• Cancer medicine · May 2019

    Comparative Study

    Digital PCR improves the quantitation of DMR and the selection of CML candidates to TKIs discontinuation.

    • Simona Bernardi, Michele Malagola, Camilla Zanaglio, Nicola Polverelli, Elif Dereli Eke, Mariella D'Adda, Mirko Farina, Cristina Bucelli, Luigi Scaffidi, Eleonora Toffoletti, Clara Deambrogi, Fabio Stagno, Micaela Bergamaschi, Luca Franceschini, Elisabetta Abruzzese, Maria Domenica Divona, Marco Gobbi, Francesco Di Raimondo, Gianluca Gaidano, Mario Tiribelli, Massimiliano Bonifacio, Chiara Cattaneo, Alessandra Iurlo, and Domenico Russo.
    • Unit of Blood Diseases and Stem Cell Transplantation, DPT of Clinical and Experimental Sciences, University of Brescia, ASST Spedali Civili di Brescia, Brescia, Italy.
    • Cancer Med. 2019 May 1; 8 (5): 2041-2055.

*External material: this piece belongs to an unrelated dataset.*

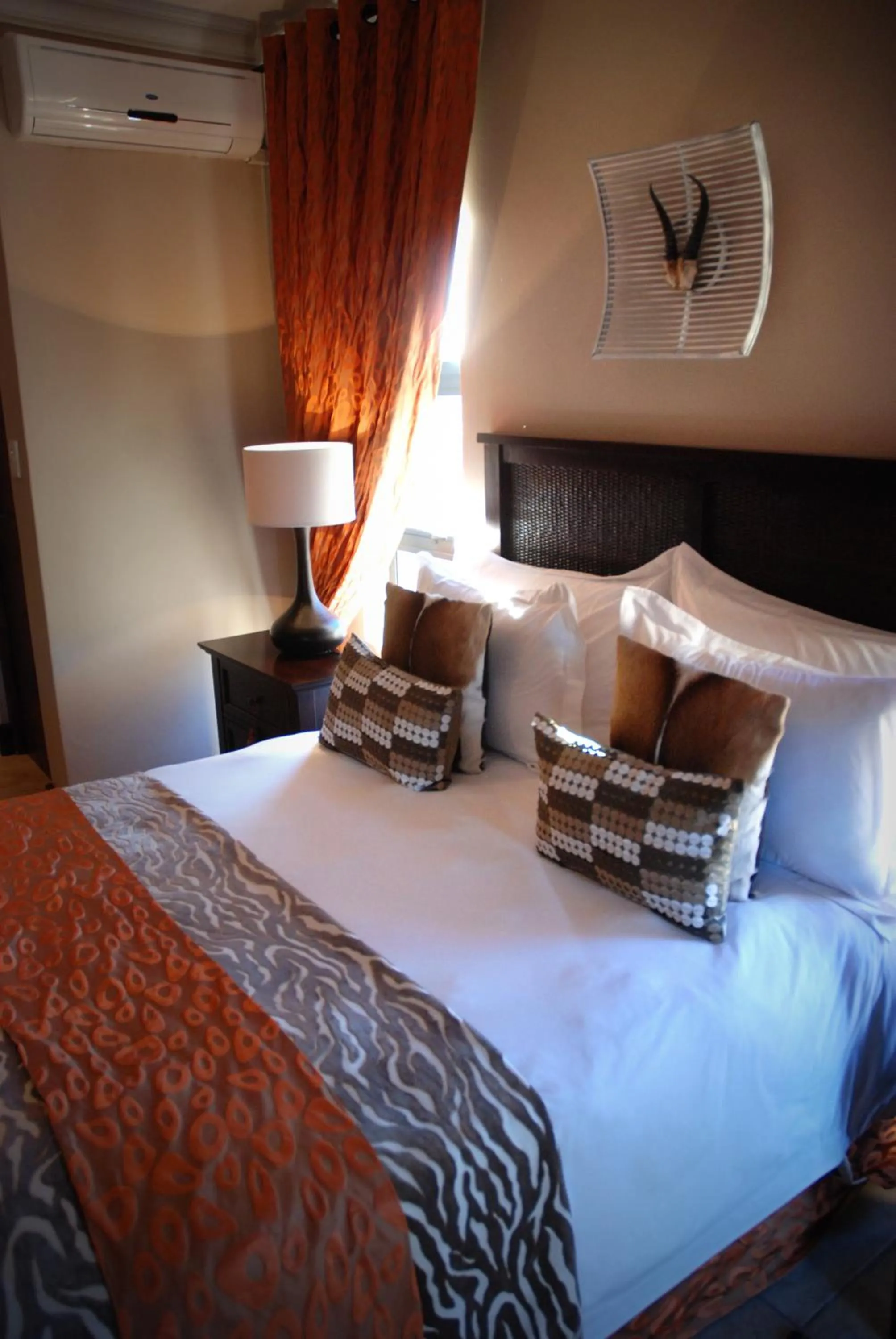 Patio, Bed in Kathuhari Guesthouse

    AbstractTreatment-free remission (TFR) by tyrosine kinase inhibitors (TKI) discontinuation in patients with deep molecular response (DMR) is a paramount goal in the current chronic myeloid leukemia (CML) therapeutic strategy. The best DMR level by real-time quantitative PCR (RT-qPCR) for TKI discontinuation is still a matter of debate. To compare the accuracy of digital PCR (dPCR) and RT-qPCR for BCR-ABL1 transcript levels detection, 142 CML patients were monitored for a median time of 24 months. Digital PCR detected BCR-ABL1 transcripts in the RT-qPCR undetectable cases. The dPCR analysis of the samples, grouped by the MR classes, revealed a significant difference between MR4.0 and MR4.5 (P = 0.0104) or MR5.0 (P = 0.0032). The clinical and hematological characteristics of the patients grouped according to DMR classes (MR4.0 vs MR4.5-5.0 ) were superimposable. Conversely, patients with dPCR values <0.468 BCR-ABL1 copies/µL (as we previously described) showed a longer DMR duration (P = 0.0220) and mainly belonged to MR4.5-5.0 (P = 0.0442) classes compared to patients with higher dPCR values. Among the 142 patients, 111 (78%) discontinued the TKI treatment; among the 111 patients, 24 (22%) lost the MR3.0 or MR4.0 . RT-qPCR was not able to discriminate patients with higher risk of MR loss after discontinuation (P = 0.8100). On the contrary, according to dPCR, 12/25 (48%) patients with BCR-ABL1 values ≥0.468 and 12/86 (14%) patients with BCR-ABL1 values <0.468 lost DMR in this cohort, respectively (P = 0.0003). Treatment-free remission of patients who discontinued TKI with a dPCR <0.468 was significantly higher compared to patients with dPCR ≥ 0.468 (TFR at 2 years 83% vs 52% P = 0.0017, respectively). In conclusion, dPCR resulted in an improved recognition of stable DMR and of candidates to TKI discontinuation.© 2019 The Authors. Cancer Medicine published by John Wiley & Sons Ltd.